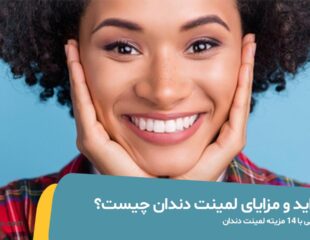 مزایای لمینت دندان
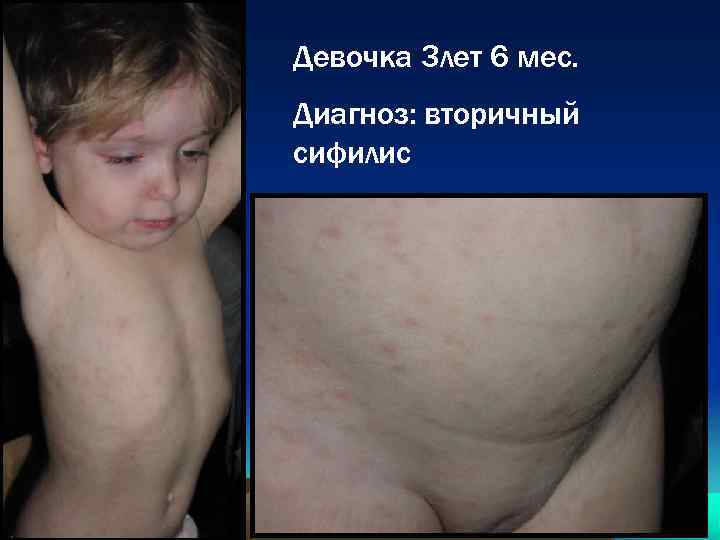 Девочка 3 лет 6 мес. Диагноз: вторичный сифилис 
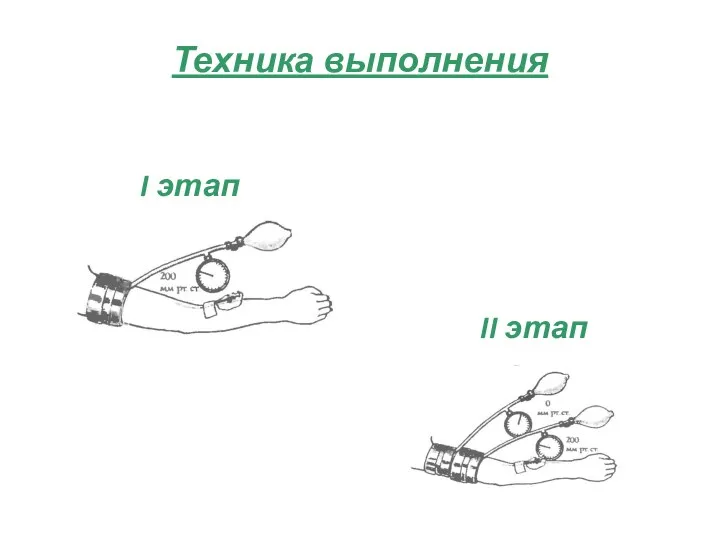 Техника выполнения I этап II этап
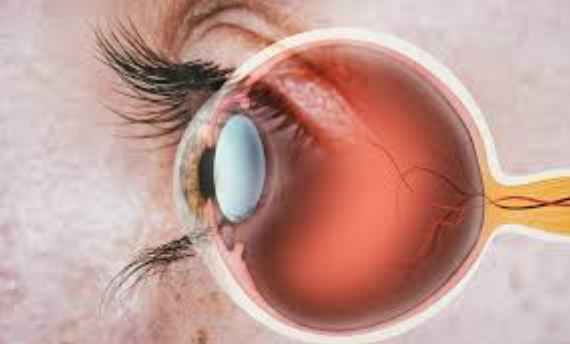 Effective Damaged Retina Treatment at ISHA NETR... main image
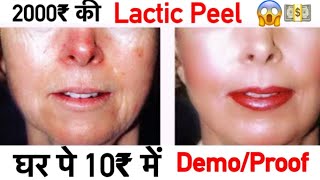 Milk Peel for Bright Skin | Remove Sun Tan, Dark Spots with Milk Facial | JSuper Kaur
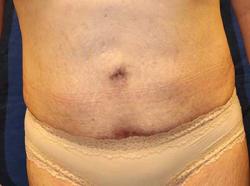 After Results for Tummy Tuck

+++++

• EXERCISE:
What you return should be all of the material above, exactly, and none of its pictures.

• SOLVED PROBLEM:
 مزایای لمینت دندان
 Девочка 3 лет 6 мес. Диагноз: вторичный сифилис 
 Техника выполнения I этап II этап
 Effective Damaged Retina Treatment at ISHA NETR... main image
 Milk Peel for Bright Skin | Remove Sun Tan, Dark Spots with Milk Facial | JSuper Kaur
 After Results for Tummy Tuck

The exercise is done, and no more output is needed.